If I told you that a famous professor from a well-known law school was arguing on his/her blog that law schools should consider discounting their tuition by 1% for each year a graduate stayed in the work force (with the purpose of encouraging attendance by those to whom the law school education would add the most value), what school would you guess that professor was from? It’s an easy question for me – University of Chicago, where everything can be reduced to dollars and cents. And that’s precisely right – it’s Judge Posner, responding to an article in the New York Times a couple of weeks ago about how some female Yale undergrads expect to leave the workforce at some point after having children [The article was not empirical, and it has been very controversial].

I think Posner is greatly oversimplifying the economics involved here. The evidence pretty clearly suggests that fewer and fewer people are advancing to partnership at big firms (where the big money is), as firms create ever more heirarchical structures. Thus, going to law school with the expectation of making a lot of money down the road is becoming more and more like a lottery, with lots of people buying tickets and few hitting the jackpot. [I realize that, in the big scheme of things, first year associates making $135,000 is hardly peanuts. But I take it that Posner is talking about people who stay in the workforce for a long time, and you can’t stay an associate forever]. But people’s willingness to pay huge amounts of money to go to law school is based in large part (and, according to Posner, should be based entirely) on that person’s expected lifetime return. Lifetime return, of course, is determined by the supply and demand in the market for attorneys – and that market presumes that a certain percentage of lawyers will drop out, whether to raise children, become a high school english teacher, or whatever. If we adopted Posner’s system, it seems to me that the expected return would have to go down, since supply of attorneys would rise without any reason to believe demand would rise at the same time. Thus, students’ willingness to spend exorbitantly on law school may well go down.

I don’t know whether that would happen or not, but it seems to me an equally plausible scenario as Judge Posner’s, and determining which one is more likely requires a lot more data. This is one of the reasons I have a hard time with law and economists sometimes – you can make a lot of assumptions that greatly oversimplify reality and then smuggle in normative goals under the guise of “neutral” economics. And it seems to me that is precisely what Posner is doing.

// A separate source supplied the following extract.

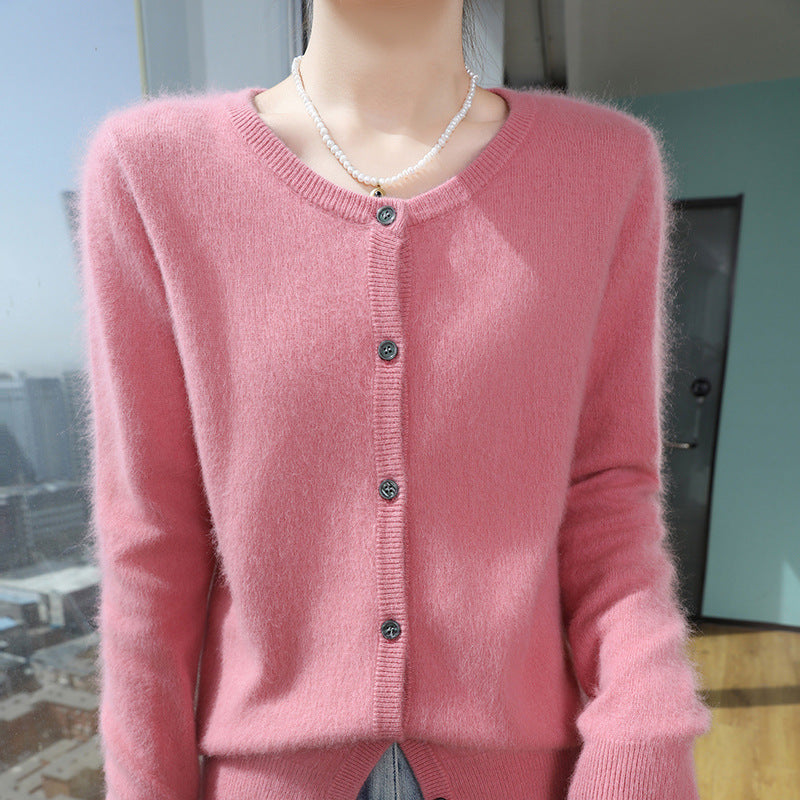 Short Knitted Sweater with Buttons – Loose Women's Cropped Pullover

On its face, that point has little to do with marketing. Dig a little deeper though, and you’ll see that a great deal of the economic assumptions made in the context of trademark law are just the type of assumption Posner made. They assume that consumers will behave in certain ways and make little attempt to empirically demonstrate that behavior. Those assumptions are normatively loaded, but they are often expressed as though they were neutral descriptions of the way the market works. It doesn’t have to be that way; we can learn a lot about consumer behavior if we only learn to ask the right questions.

As a final, and to some extent unrelated point, let me loop back to the beginning of my post. I asked at the outset which school you would associate Judge Posner’s position with. If it was an easy answer for you as it was for me, it is because the University of Chicago has done a good job of branding itself. What we make of that brand is a different, and more interesting, question.